A midi dimanche, des queues se sont formées devant certains bureaux de vote russes. A l'appel de l'opposition, des électeurs sont venus tous à la même heure, moins par espoir d'influer sur le résultat de la présidentielle que par besoin de sentir qu'ils ne sont "pas seuls".

Au bureau de vote de l'école 2025 de Moscou, Denis, 21 ans estime que ce "geste symbolique" est "le seul moyen d'exprimer (sa) position dans ces circonstances".

"Tout le monde sait qui va gagner cette élection", note cet employé du secteur de la publicité, la réélection du président Vladimir Poutine étant inévitable faute de véritables candidats d'opposition.

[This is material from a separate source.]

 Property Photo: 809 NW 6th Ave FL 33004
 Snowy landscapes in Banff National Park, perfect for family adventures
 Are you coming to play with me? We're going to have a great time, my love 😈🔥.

C'est ici que le défunt opposant Alexeï Navalny avait fait son meilleur score à l'élection municipale à laquelle il s'était présenté en 2013.

Faute de pouvoir être représentés à la présidentielle, ses partisans, au premier rang desquels sa femme Ioulia Navalnaïa, avaient fixé ce rendez-vous.

Pour beaucoup, il s'agit d'oser un petit geste de rébellion sans risquer trop gros, dans un pays où aucune dissidence n'est tolérée et où la répression s'est encore renforcée depuis le début de l'offensive en Ukraine, en février 2022.

Artem Minassian, un étudiant de 19 ans, dit être présent "pour montrer que nous sommes nombreux, que nous existons, que nous ne sommes pas une minorité marginale".

Léonid Pakhine, un étudiant de 18 ans, assure ne pas avoir peur car "ce n'est pas punissable par la loi". Une ONG spécialisée a néanmoins recensé plusieurs dizaines arrestations pour diverses actions de protestation.

Dans la file, nombreux sont ceux qui sont aussi venus chercher un peu de réconfort.

"Nous essayons de trouver des moyens d'exprimer notre attitude à l'égard de ce qui se passe en Russie, parce qu'un grand nombre de personnes sont aujourd'hui très déprimées et ont besoin de se retrouver avec celles qui pensent pareil", explique Olga Mironenko, une employée du secteur des technologies de 33 ans.

- "Exprimer une opinion" -

Dans un autre quartier de la capitale, Marino, devant le bureau dans lequel Alexeï Navalny votait, les mêmes mots reviennent.

"C'est notre seule occasion d'exprimer une opinion", affirme Elena, une ingénieure de 38 ans.

Olga, 52 ans, est ravie d'avoir pu parler avec des personnes qui pensent "la même chose que moi".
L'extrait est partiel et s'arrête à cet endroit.